Walt Whitman (1819–1892). Leaves of Grass. 1900.
92. The City Dead-House
B
As idly sauntering, wending my way from the clangor,
I curious pause—for lo! an outcast form, a poor dead prostitute brought;
Her corpse they deposit unclaim’d—it lies on the damp brick pavement;
The divine woman, her body—I see the Body—I look on it alone,
That house once full of passion and beauty—all else I notice not;
Nor stillness so cold, nor running water from faucet, nor odors morbific impress me;
But the house alone—that wondrous house—that delicate fair house—that ruin!

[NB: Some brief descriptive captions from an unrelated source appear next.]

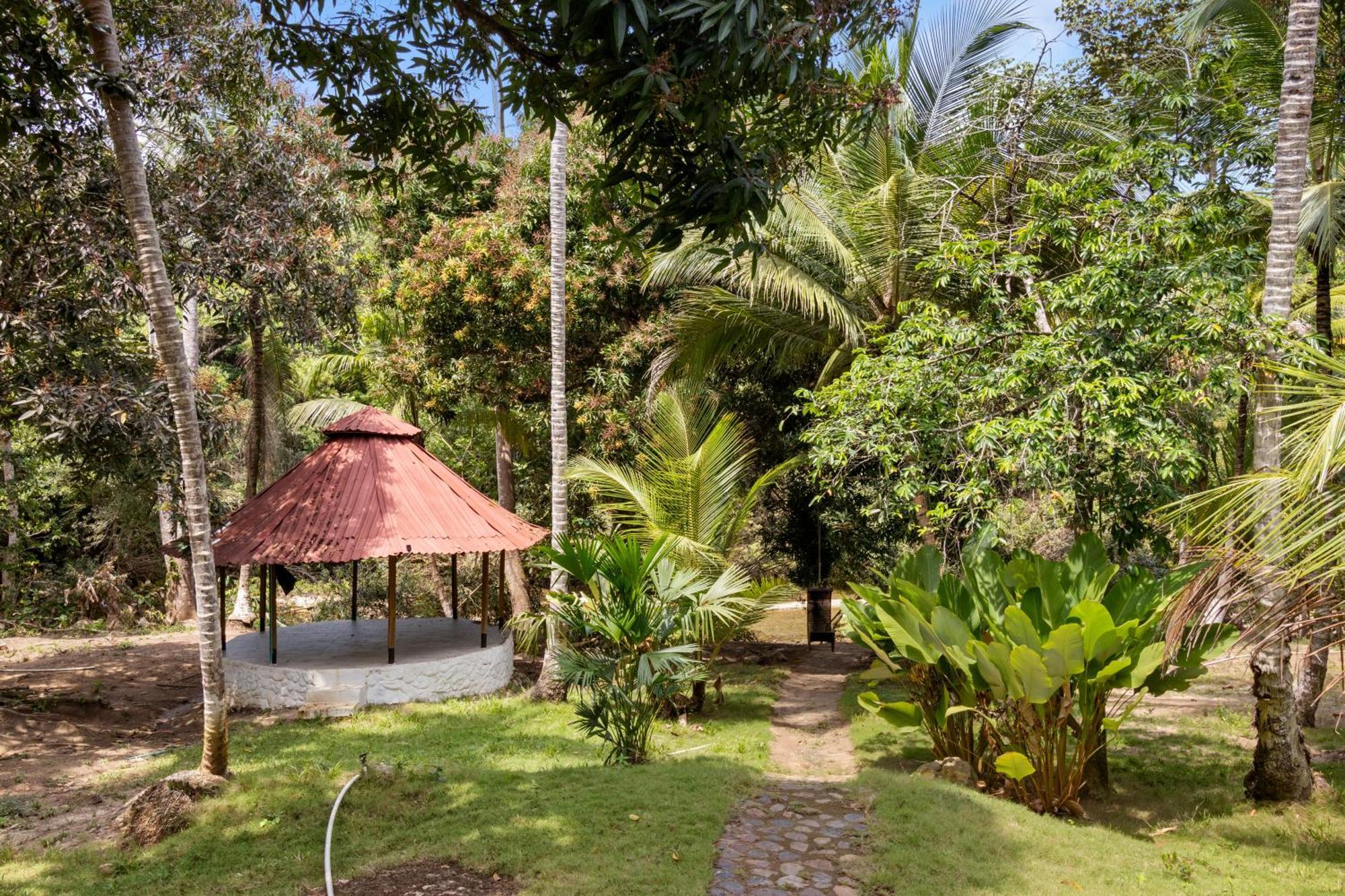 Casa Del Rio Pensión Guachaca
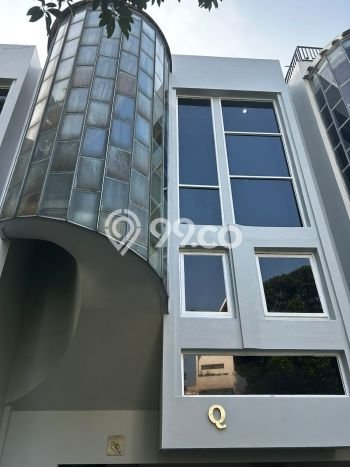Hunian Elit LB 200m2 Siap Huni Desain Elegan di Jati Padang, Jakarta Selatan Hunian Elit LB 200m2 Siap Huni Desain Elegan di Jati Padang, Jakarta Selatan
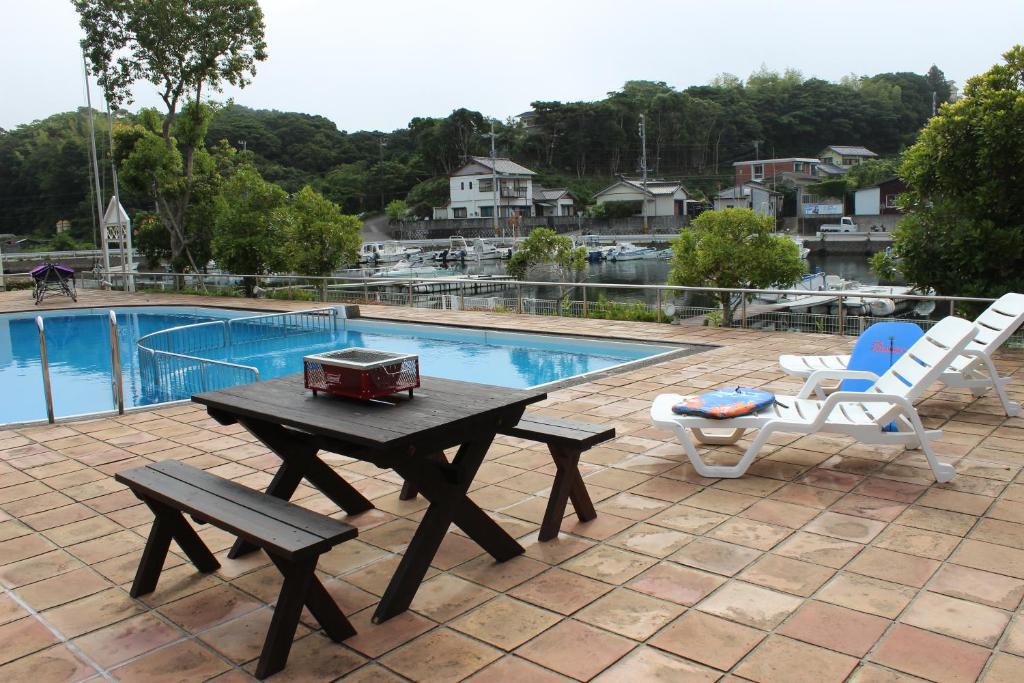 Bazén v ubytování Tabist Villa Daio Resort Ise-Shima nebo v jeho okolí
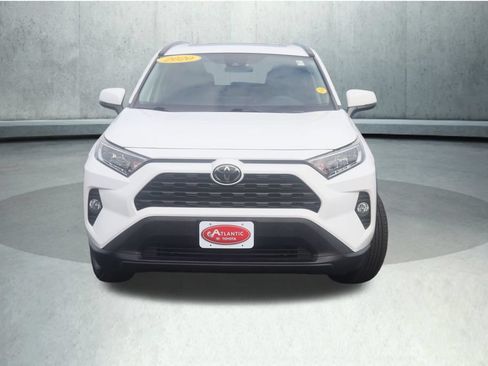 Certified 2020 Toyota RAV4 XLE w/ Convenience Package AWD/4WD image 2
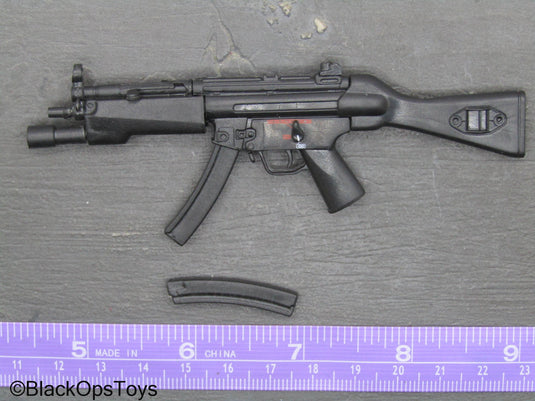 MP5 Submachine Gun w/Tac Light & Moving Charging Handle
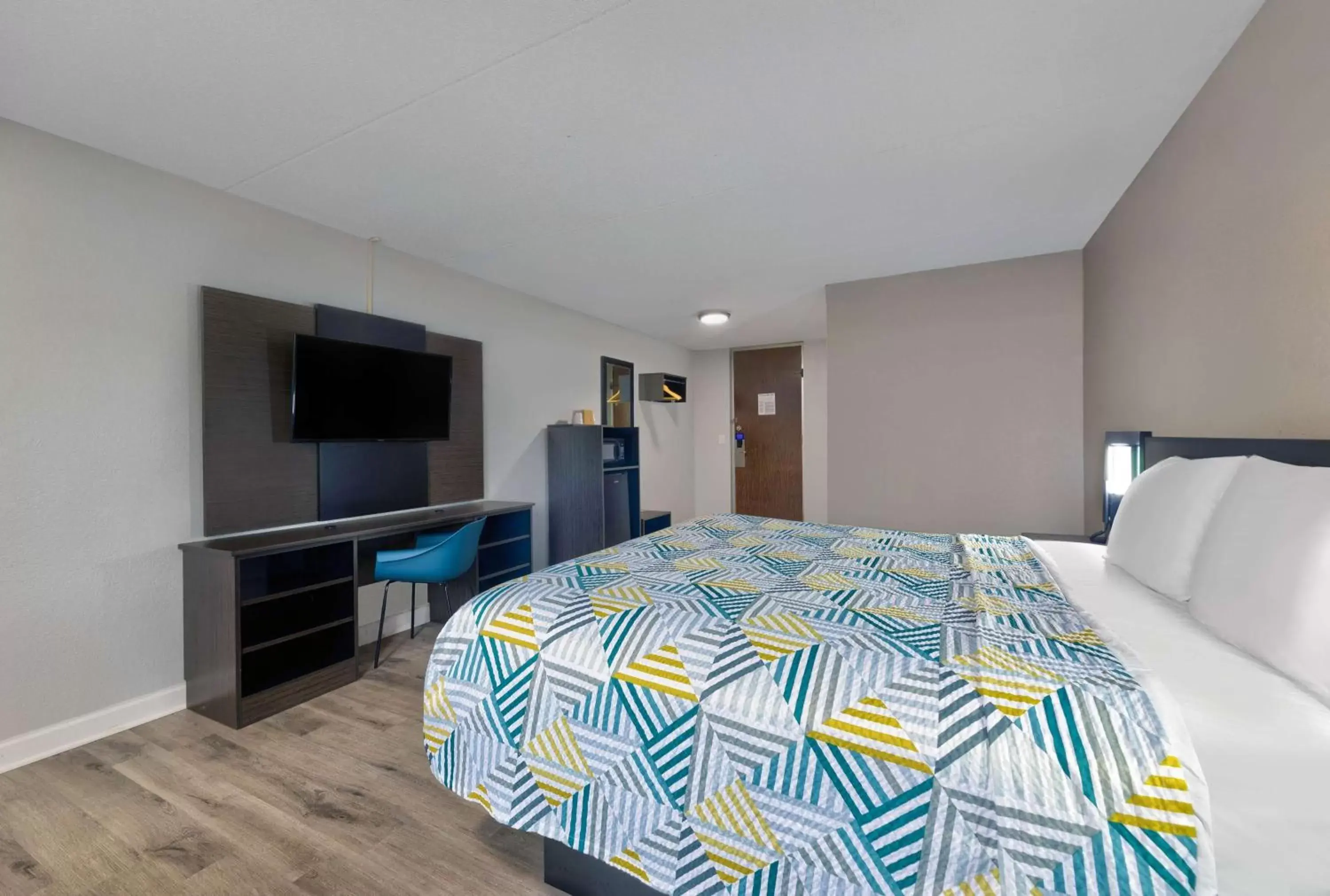 King Room - Smoking in Motel 6 Corbin KY King Room - Smoking in Motel 6 Corbin KY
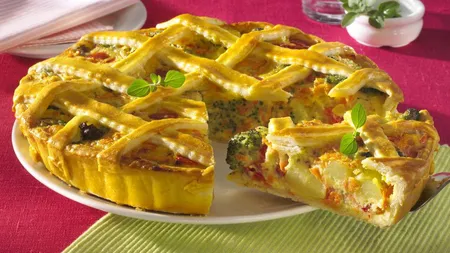 Reţeta zilei: Tartă cu cartofi noi şi broccoli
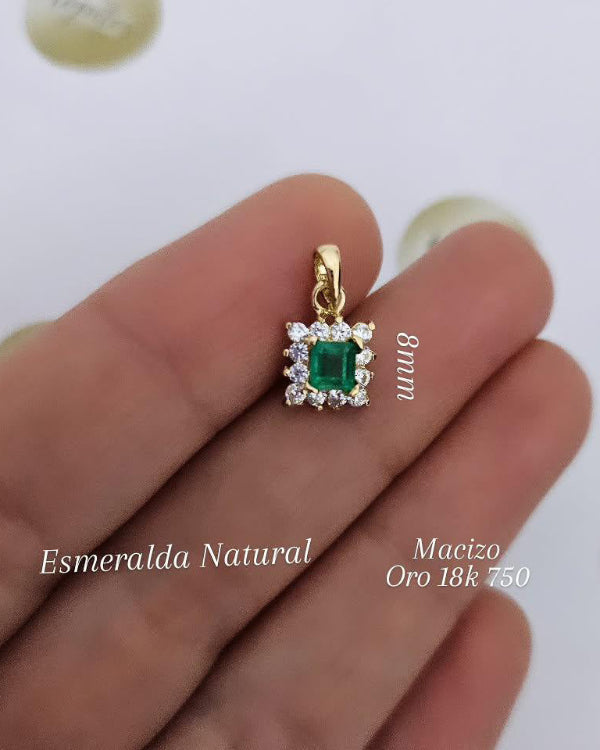 Dije Esmeralda Natural 8mm, macizo Oro 18k ley 750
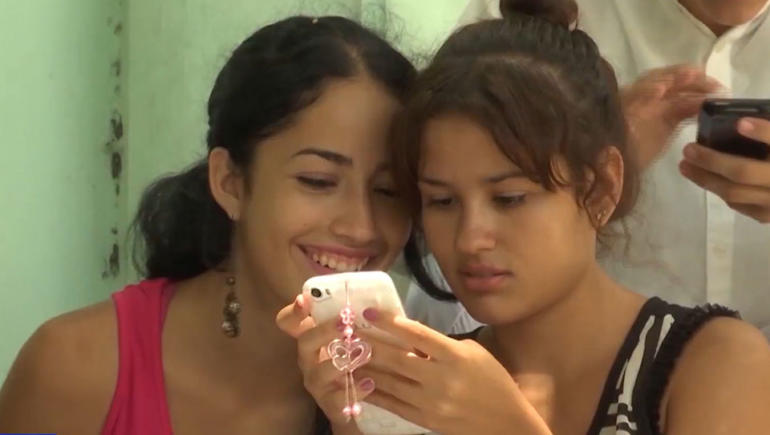 Cuba Launches 3G Mobile Network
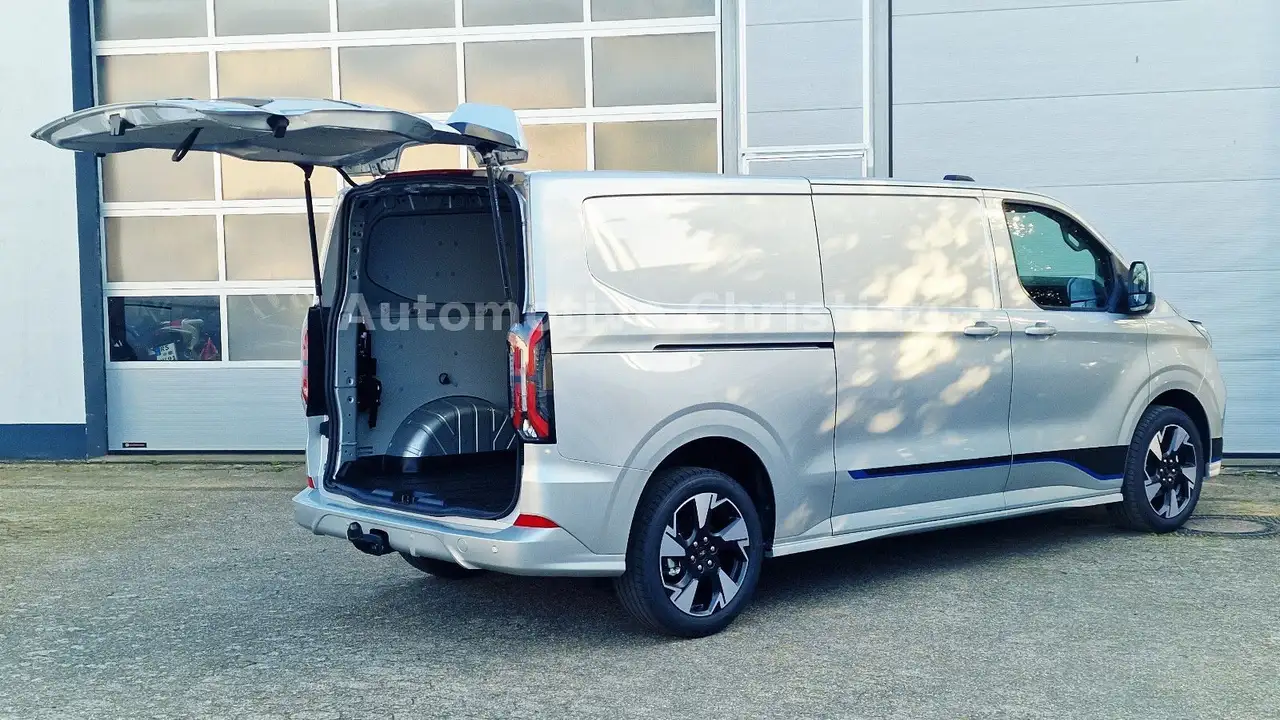 Ford Transit 9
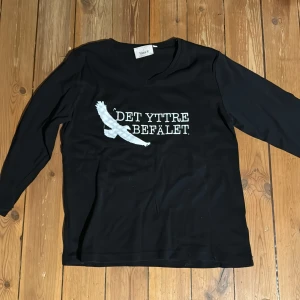 12. Svart Det Yttre Befälet Långarmad tröja M - Det Yttre Befälet Merch gjord av bandet själva. Långarmad tröja i bra skick. 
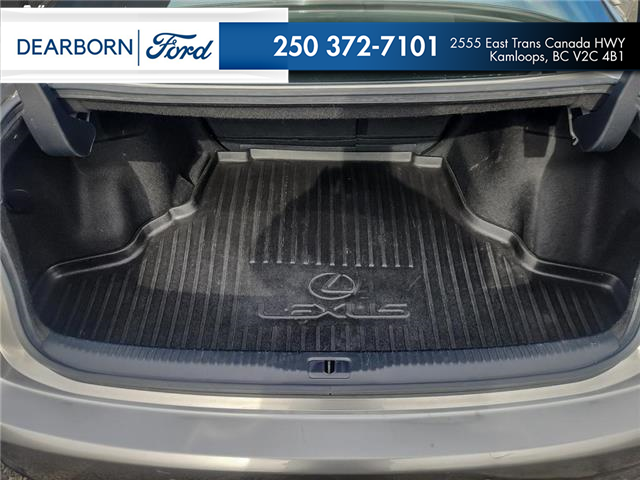 2019 Lexus IS 300 Base (Stk: TS864A) in Kamloops - Image 12 of 25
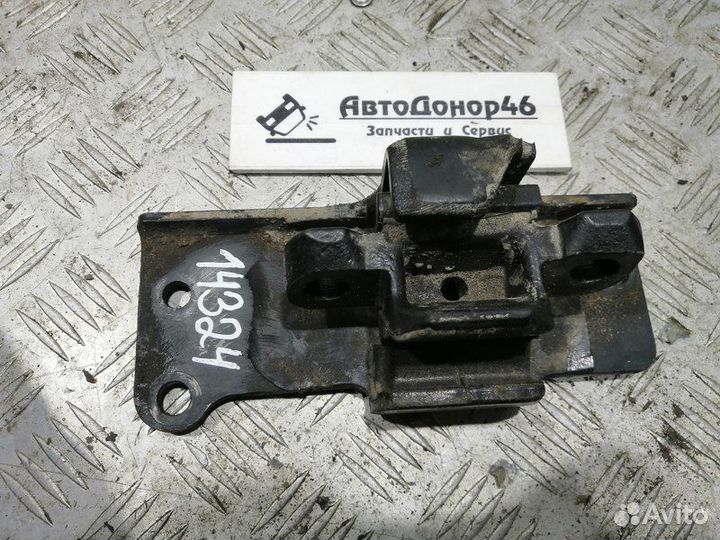 Опора, подушка кпп левая Nissan Teana J31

That immortal house, more than all the rows of dwellings ever built!
Or white-domed Capitol itself, with majestic figure surmounted—or all the old high-spired cathedrals;
That little house alone, more than them all—poor, desperate house!
Fair, fearful wreck! tenement of a Soul! itself a Soul!
Unclaim’d, avoided house! take one breath from my tremulous lips;
Take one tear, dropt aside as I go, for thought of you,
Dead house of love! house of madness and sin, crumbled! crush’d!
House of life—erewhile talking and laughing—but ah, poor house! dead, even then;
Months, years, an echoing, garnish’d house—but dead, dead, dead.